- WASHINGTON - A Justice Department official Friday defended the Immigration and Naturalization Service's decision to set John Lee Malvo free even though the Jamaican teenager faced possible deportation.

The official, who spoke on condition of anonymity, rejected criticism voiced by Rep. Tom Tancredo, R-Colo., who attacked the INS decision on Thursday.

Tancredo made his charge shortly after Malvo, 17, and John Allen Muhammad, 41, were described by the leaders of a state and federal police task force as the two individuals responsible for the deaths of 10 people in a series of sniper shootings that terrorized the Washington, D.C., area.

The Justice official said the agency acted properly in Malvo's case because it does not require the posting of bonds for juvenile immigrants who are arrested with their parents.

In this case, Una James, Malvo's mother, who was also accused of entering the United States illegally with her son, was required to post a $1,500 bond, pending a Nov. 20 deportation hearing. Malvo, then 16, was released into the custody of his mother, which is standard INS policy, the official said.

James and Malvo were cited by a Border Patrol officer in January for illegally entering the United States after Bellingham, Wash., police investigated an incident at a homeless shelter where they were living. They told the officer that they had arrived in the United States as stowaways on a ship filled with Asians, Tancredo said.

Although the Border Patrol officer who cited them in Bellingham listed them as stowaways, the Justice Department official said they were not stowaways under U.S. law.
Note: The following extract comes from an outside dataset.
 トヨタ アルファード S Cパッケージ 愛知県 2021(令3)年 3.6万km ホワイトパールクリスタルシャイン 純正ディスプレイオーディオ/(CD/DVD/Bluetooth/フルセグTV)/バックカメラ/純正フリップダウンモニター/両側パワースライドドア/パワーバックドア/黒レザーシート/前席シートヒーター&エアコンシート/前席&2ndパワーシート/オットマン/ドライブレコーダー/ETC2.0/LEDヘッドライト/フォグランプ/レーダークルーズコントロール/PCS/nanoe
A stowaway does not have the right to be released on bond, the official said.

The Justice official said that after their arrest, another INS official reclassified their arrest to allow them to be released, pending their November hearing on the illegal-entry charges.

Tancredo said Friday that decision was wrong because the officer who arrested them also described the two as likely to flee.

"Just letting them go is not one of your options," Tancredo said.